• _Problem details_:
A word-for-word repeat of the records below is what this calls for.

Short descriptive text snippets
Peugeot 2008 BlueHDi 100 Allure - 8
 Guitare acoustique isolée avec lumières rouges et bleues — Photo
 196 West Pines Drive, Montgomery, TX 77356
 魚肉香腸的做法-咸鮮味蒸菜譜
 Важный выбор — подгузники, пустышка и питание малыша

• _Solution to the problem_:
Peugeot 2008 BlueHDi 100 Allure - 8
 Guitare acoustique isolée avec lumières rouges et bleues — Photo
 196 West Pines Drive, Montgomery, TX 77356
 魚肉香腸的做法-咸鮮味蒸菜譜
 Важный выбор — подгузники, пустышка и питание малыша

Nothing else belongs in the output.